Abro la puerta para que pases, te tomo de la mano con cuidado, y camino siempre del lado que me corresponde de la calle. Te mando un mensaje de buenos días y otro de buenas noches, aún sabiendo que quizá ya es tarde para que lo leas.
Pregunto por tu día y quiero saber que tal te sientes, porque me interesa, porque quiero saber de ti. Soy puntual al llegar por ti, porque no quiero que esperes por mi, ni yo quiero esperar más para verte.
Acaricio tu cabello y tu espalda porque sé que te relaja, y acaricio tu pierna y tu mano porque me relaja.
Intentó siempre verme bien y oler bien para ti, porque quiero gustarte siempre. Me desvivo por verte sonreír y que pases un buen rato, que el tiempo pase volando cuando me abraces.
Te observo por horas, porque me encanta ver cada gesto tuyo, y me fascina ver cómo sonríes al darte cuenta que te estuve viendo todo ese tiempo. Verte reír hace que todo el día valga la pena haberlo vivido.
Te compró flores porque me encanta el brillo en tus ojos y tu sorpresa al verlas, tu emoción al ponerlas en agua y tu devoción por conservarlas cuando marchitan.
Te di un par de aretes y una pulsera porque pensé que se verían hermosos en ti, y si, así fue, así es.
Te digo todo el tiempo que te quiero, aunque parezca innecesario y fuera de tema, pero es que uno nunca sabe cuándo será la última vez que se podrá decirlo, o sentirlo. Y yo lo siento, mucho.
Porque uno nunca sabe cuando la vida nos de oportunidad de sentir así de nuevo.
Te escribo a las 12 de la noche, porque me quitas el sueño, pensarte me da insomnio, porque pensar que te me puedes ir por algo que no está en mis manos me mata. No importan los días, ni lo poco que me conoces, es solo que las cosas buenas en la vida se sienten desde que las ves, y yo no he parado de verte, tú eres de esas cosas buenas que le he agradecido al todo, a la nada, a tu dios y a los míos.

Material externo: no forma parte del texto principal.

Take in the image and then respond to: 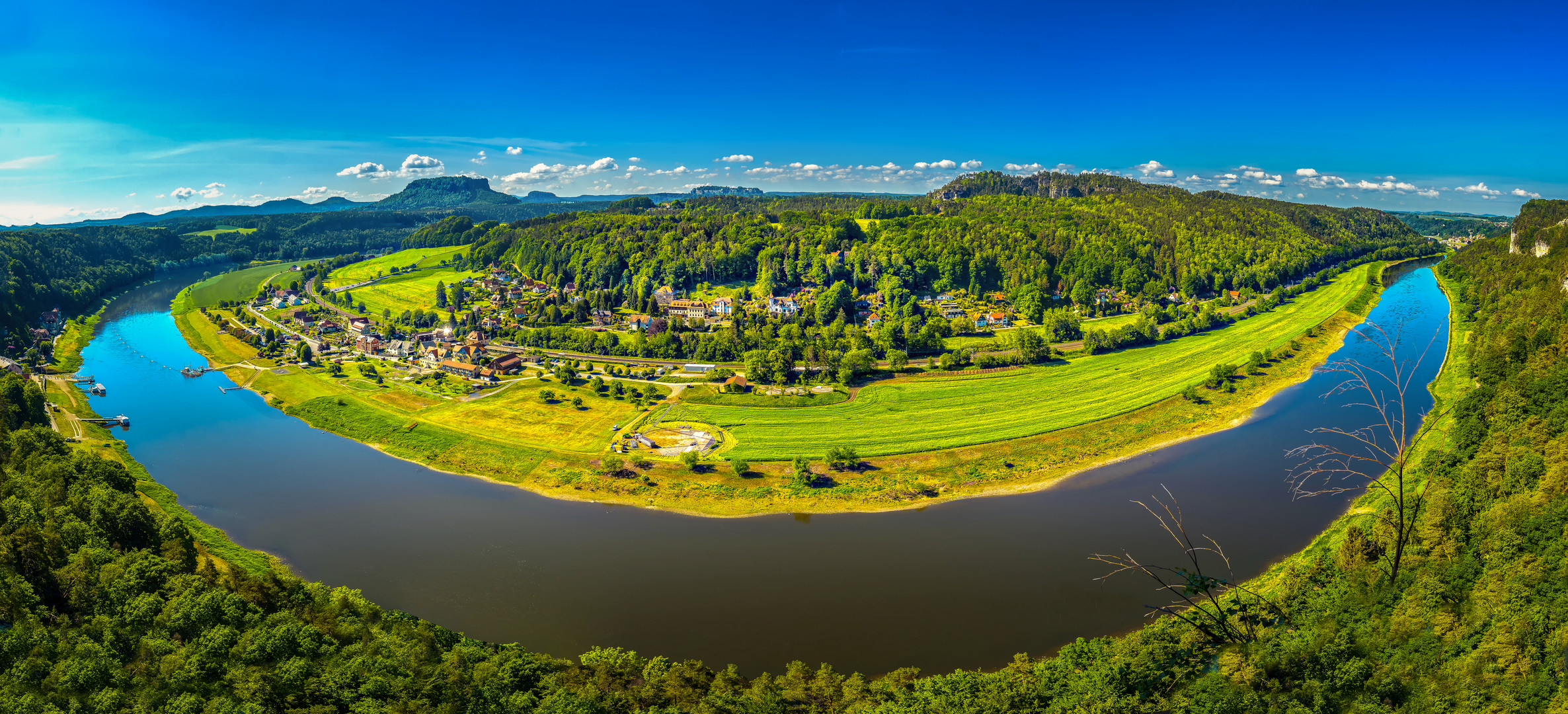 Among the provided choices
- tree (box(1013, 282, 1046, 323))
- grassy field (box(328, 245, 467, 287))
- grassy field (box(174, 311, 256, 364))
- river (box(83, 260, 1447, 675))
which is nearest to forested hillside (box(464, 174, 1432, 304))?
tree (box(1013, 282, 1046, 323))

Porque es inevitable imaginar que será de mi, contigo, en algunos meses más, en si me acostumbraré a manejar hasta tu casa, y de vuelta sin siquiera recordar el viaje, y en todos los viajes que planearemos y haremos juntos. Si eventualmente las ganas de despertar juntos sea más habitual, o vernos sin arreglar se vuelva de lo más normal.

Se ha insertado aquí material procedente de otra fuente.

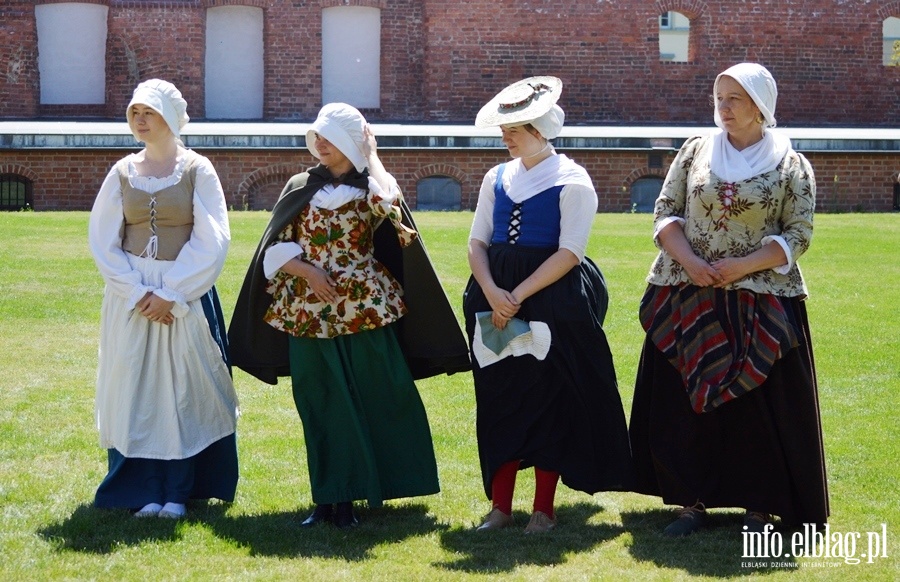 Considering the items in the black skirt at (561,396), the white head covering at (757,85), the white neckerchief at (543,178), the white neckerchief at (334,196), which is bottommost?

Si tus primos me saludaran como un amigo más, o si me podré sentar en tu sala solo con tu mamá y solo hablar. Si no solo seas tú la que me quiera y así lo hagan los demás, los que te quieren.
Si querer se quedará corto al hablar.
Sé que dijiste que tú no eres así, que no sueles hablar así, pero vale, yo sí soy así, y estoy orgulloso de serlo, de poderte decir con letras lo mucho que me importas. Sin pudor.
Si, me siento impotente y mal, pero también estoy consiente que una buena historia se forja con dedicación, sacrificio y amor, así que, por mi dedicación, mi sacrificio y el amor que te tengo, no te preocupes. Tú decides.